Notre système de Santé doit évoluer sinon nous risquons tous, soignants et soignés, d’être les victimes des sirènes qui veulent sa privatisation sauvage ou à l’opposé sa nationalisation complète, ou encore la maîtrise comptable étatisée qui provoquera à terme un éclatement complet du système actuel.

Ces propositions ont fait la preuve de leur échec dans d’autres pays, aussi bien aux USA qui est le phare de la société capitaliste, qu’en Angleterre ou en Israël qui se veulent des sociétés socialistes modernes. Le résultat est le même, un échec de la maîtrise comptable des dépenses de soins, aussi bien par les systèmes nationalisés avec des soignants salariés que par les assurances privées avec des réseaux de soins contrôlés de la façon la plus moderne, notamment par la gestion informatique, avec à chaque fois la création d’un système de santé à deux vitesses.

 L’exemple de nos voisins anglais devrait nous faire réfléchir. La médecine anglaise a longtemps était complètement nationalisée avec comme objectif clairement annoncé un contrôle des dépenses de soins en limitant l’offre au niveau médical et hospitalier, avec l’obligation pour les patients de consulter un médecin référent, avec un système hospitalier régulé par un budget global très strict entraînant la création de liste d’attente de plus en plus longue, avec l’exclusion des personnes âgées de certains soins notamment la dialyse. Ce système a eu la faveur de nombreux économistes de la Santé car il permet de limiter les dépenses, mais à quel prix !

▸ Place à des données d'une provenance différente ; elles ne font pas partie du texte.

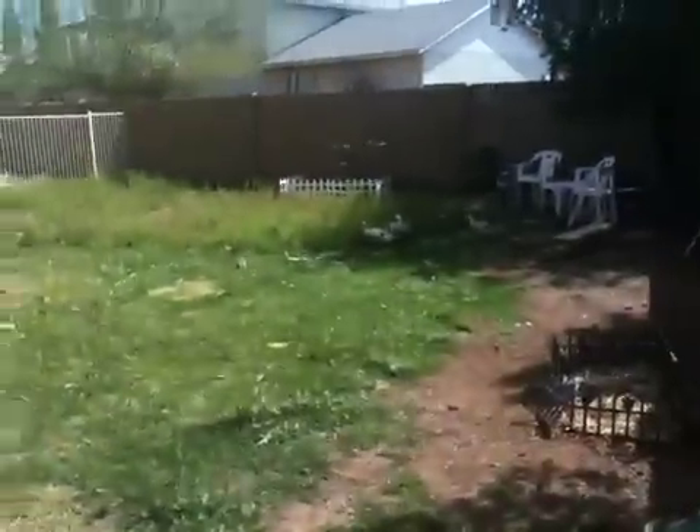Hello, this is Austin Miles, cleaning up the yard today. As you can see, we have some animals around — just chickens and there's some ducks over there.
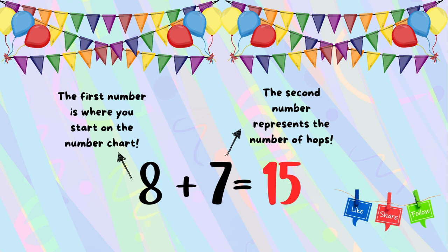Perfect! Now I can share them with my friends! The first number is where you start on the number chart, and the second number represents the number of hops.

Certainement au détriment de la qualité, puisqu’il supprime la possibilité de mettre en concurrence les praticiens et qu’il crée des obstacles à se faire soigner correctement en diminuant l’offre de soins, mais aussi au détriment de la morale puisque la corruption permet de contourner ces obstacles. Cela a provoqué en effet la création d’un véritable marché noir des soins qui est devenu tellement important et scandaleux qu’il a fallu reconnaître la nécessité de créer le système privé complémentaire qui existe actuellement.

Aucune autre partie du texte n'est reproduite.